Qazi is both an heir to and critic of landed aristocracy. The taluqdars of Awadh, who are also the concerns of Qurratul Ain Hyder and Attia Hosain, hold some inexplicable fascination for him. They represented a past that he kept living both in his fiction and life. He appeared to welcome the end of Zamindari but he refused to free himself from its sinister charm. He always aligned himself with progressive causes and was a key figure in Janvadi Lekhak Sangh, but he did not see any contradiction in his celebration of the lifestyle associated with an unjust system.

As a fiction writer he is spot on in his treatment of the landed gentry of Awadh. His novel “Shab Guzida”(1966) gives an inside view of the life of zamindars and taluqdars of Awadh. The unjust debauch Bade Sarkar and his virtuous son Jimmy represent different sets of values in the novel. His “Pahla aur Akhiri Khat” (1968) charts a life away from the framework provided by Progressive Writers’ Movement. Through the depiction of the life of Chaudhri Nemat Rasool of Lalpur, the novelist shows zamindars in the grip of economic and social problems after the end of Zamindari. “Hazrat Jaan” and “Tajam Sultan” are his other remarkable works. Unlike many other writers in the past who have made Awadh the subject matter of their work, Qazi’s distinction lies in focusing on the rural life in Awadh in his fiction.

He was equally successful in his novelettes and short stories with Awadh again very much providing the backdrop of many of his narratives. “Peetal ka Ghanta” , a collection of his short fiction, includes ‘Peetal ka Ghanta’, ‘Malkin’, ‘Azu Baji’, and ‘Majju Bhaiya’. “Ghubar-e-Shab”, also set in a village around the period of the Partition, treats the subject of communal disharmony and communal politics with irony.

A Padma Shri awardee, apart from numerous other prestigious awards, Qazi Abdus Sattar worked as professor of Urdu at Aligarh Muslim University and was great friends with scholars and critics of Hindi. He greatly valued his readers in Hindi and stressed the closeness of Hindi and Urdu (even Punjabi). But he was very strongly against changing the script of Urdu. He also strongly believed that literature should be ‘beautiful and wholesome’.

A great fan of Flaubert, he could achieve a lot in very little, thanks to his felicity with language. No wonder he has not written door stoppers and “Ghalib”, all of less than 300 pages, is his longest work.

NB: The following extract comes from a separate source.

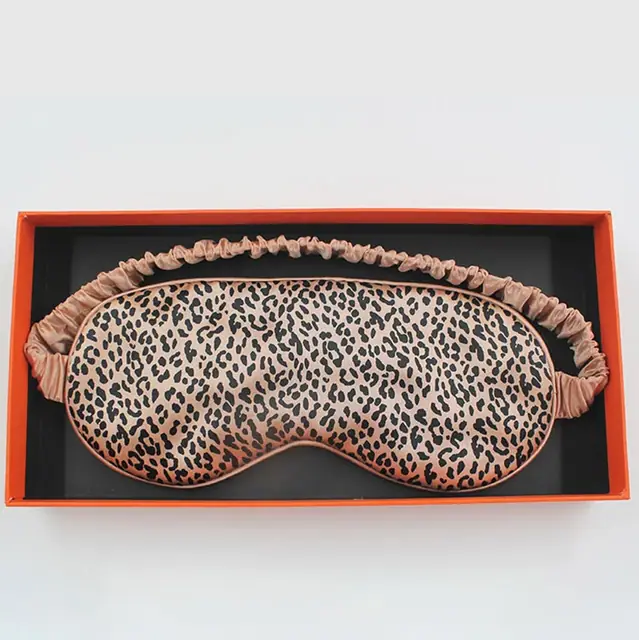 Leopard Print Silk Eye Mask close up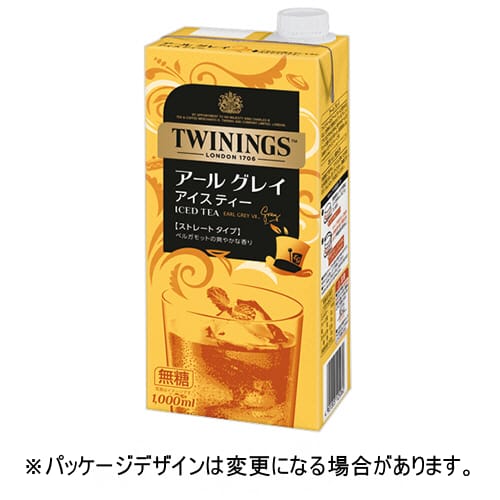 乐天商城 - 片岡物産　トワイニング　リキッド　アールグレイ　アイスティー　無糖　1L　紙パック（口栓付）　1セット（12本：6本×2ケース）【法人限定】【送料無料】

A raconteur par excellence and not known for mincing his words, he was an interviewer’s dream and an event manager’s guarantee for the success of a literary gathering. Prem Kumar’s remarkable book of his interviews is a blessing for Hindi readers as is Rashid Anwar’s for Urdu readers. Possessed with Oscar Wilde like ability to produce witty (often gossipy) quotes, Qazi Abdus Sattar’s sentences, as Urdu poet Shahryar once said, drew the applause generally reserved for Urdu poets.

The grace and grandeur of his prose style rubbed off on his life. Tariq Chatari, a prominent Urdu short story writer, who believes that Qazi took Urdu afsana to a different level, says that he carried himself very much like a character from his fiction. Qazi Afzal Husain (no relative) considers Qazi a master prose stylist in line with Muhammad Husain Azad and Abul Kalam Azad. Time will tell.